• jon

    Posted 1264 days ago

  • There were a few parallels to the modern day that really stood out to me in this piece. Although I think we refer to the past as being too close to day's problems, there certainly are connections that we can make. For example, Wickenden writes:

    The 1854 Kansas-Nebraska Act enabled voters in the Western territories to decide for themselves whether to permit slavery. A large migration of settlers, subsidized by abolitionists in the East, set out to insure that Kansas entered the Union as a free state. They found themselves facing off against pro-slavery militias, led by David Rice Atchison, a recently retired U.S. senator from Missouri.

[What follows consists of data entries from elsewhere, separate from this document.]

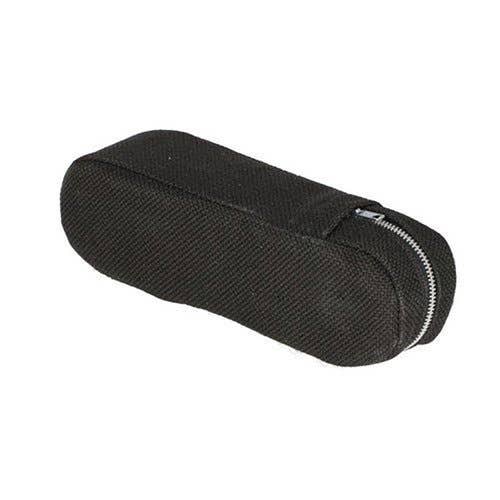 110423 | Armrest - Left Hand | Black Fabric | Case 621 621 721 721 821 821 1070 1090 1170 1175 1270 1370 1570 1896 2090 2096 2290 2294 2390 2394 2470 2590 2594 2870 3294 | Case IH 3294 3394 3594 | International | Farmall | IH Hydro 186 786 886 986 |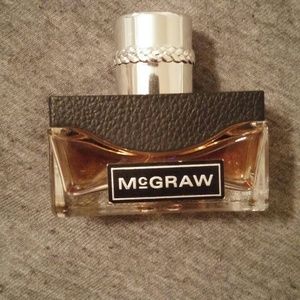 Men's cologne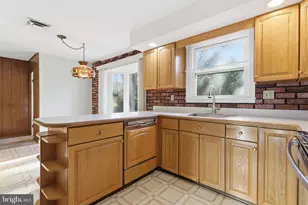 1448 Hollywood Ave, Langhorne, PA 19047 - Photo 13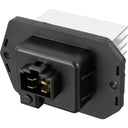 Global Parts 1713509 HVAC Blower Motor Resistor
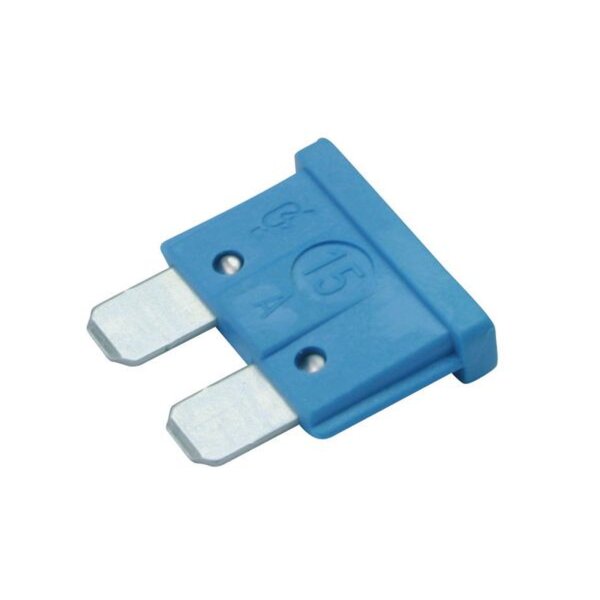 BOSCH 1 904 529 906 Sicherung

The militias, dubbed Border Ruffians by the Northern press, vowed to “lynch and hang, tar and feather, and drown every white-livered Abolitionist who dares to pollute our soil.”

    We tend to think of political and campaign financing as part of modern politics. But it's clear that since the very early stages of our republic, wealthier and older states have sought to influence the politics of other ones. Some cry out that they infringe on their sovereignty, and that may be true to some extent, but who in their right mind would have wanted to live in a country with slaves? I believe in States' rights to an extent, but violations of human rights should never be condoned on the false premise of "constitutional" or "judiciary" rules. But that is one of the pitfalls of a federal state.

    The militia, thinking it was their right to determine politics through force, did the following:

    The day before the polls opened, a thousand well-armed militia members crossed the border, intent on voter suppression and fraud. Carrying preprinted ballots, they fanned out to free-state towns, stuffing ballot boxes and accosting voters and election judges. When the Ruffians’ candidates won, the besieged free-staters refused to accept the results of a patently fixed election. Rejecting what they called the “bogus legislature,” they established a rival government and set out to write their own constitution.

    The immediate parallel that I drew was to the recent riot at the capitol building, where Southerners waving Confederate flags protested the results of the election. The 1850's seems ages ago, but there are some constants to how we do politics and run our country that haven't changed over the years.